In his latest effort to bring bionic arms to children who need them, Limbitless Solutions founder Albert Manero announced Thursday that his nonprofit organization will create and deliver arms for 12 children around the country in time for the holiday season.

The arms, which are made with a 3-D printer and run with off-the-shelf servos and batteries, are being created by the group of students at the University of Central Florida, where the technology was developed. Limbitless has now added a team of students from the University of Florida as the first Limbitless branch site, and they have joined the production for one of the 12 arms. The children who will receive the arms live in  11 different states.

“This initiative provides an opportunity for us to give arms to more children while at the same time training dozens more engineers to use this technology,” said Manero, who is earning a Ph.D. in mechanical engineering.  “It puts us one step closer to ensuring that families do not have to pay for their child to receive an arm.”

Manero and his fellow students received international attention, including on the TODAY Show and CNN, after developing a bionic arm for 6-year-old Alex Pring. Later, actor and humanitarian Robert Downey Jr., also known for his movie character Iron Man, presented Alex with an upgraded Iron Man-themed prosthetic.

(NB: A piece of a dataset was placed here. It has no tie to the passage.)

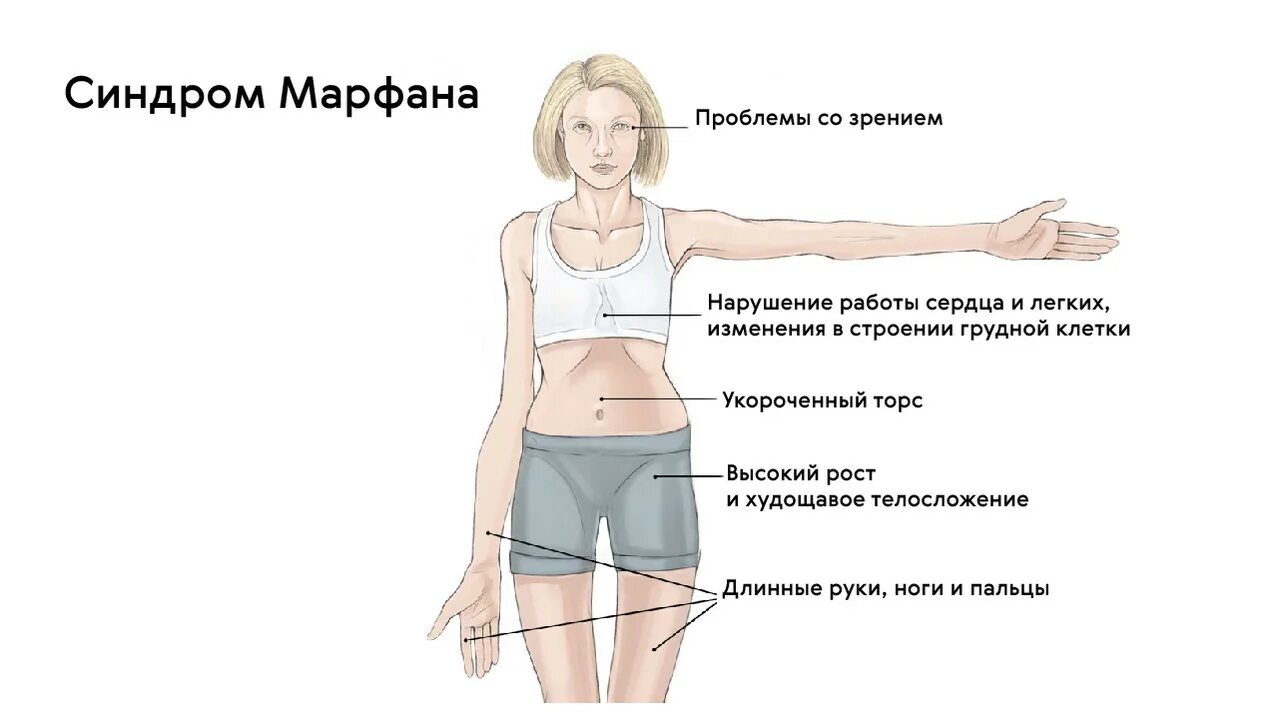 Синдром вращающейся башни. Синдром марфана диагностические признаки. синдром марфана клинические проявления. синдром марфана клинические симптомы. механизм развития синдрома марфана.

Manero announced the 12 Arms for Christmas initiative at the State University System’s Board of Governors Trustee Summit at Florida International University in Miami.

The Centers for Disease Control and Prevention estimates there are 1,500 children a year who are born with hand or arm deformities.

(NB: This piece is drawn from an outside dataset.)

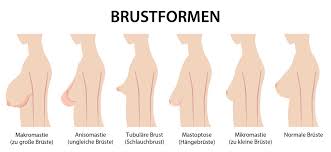 Nicht alle brustwarzen stehen ab; Brustfehlbildung Ursachen Formen Beschwerden Therapie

Prosthetic limbs are easily outgrown and getting insurance to pay for them can be difficult, Manero said. Now with the rise of 3-D printing, Limbitless has been able to bring down the costs to make the arms below $500 in materials, and donates every arm to families in need. More information about the team is available at

“Albert exemplifies the innovation, entrepreneurship and compassion made possible with the training and knowledge that is available in our State University System,” said Board of Governors’ chair Mori Hosseini. “We thank Albert for the work he is doing for children and for his efforts to make this important new technology available around the world.”

The arms will be delivered to three girls and nine boys ages 5 to 11 living in South Carolina, New Jersey, Texas, Montana, Washington, New York, Ohio, Nebraska, Michigan, Virginia and Florida. The Limbitless team raised the money to purchase the materials needed to make the arms and will be giving them to the children for free. Many of the children don’t know they will be getting the arms by Christmas.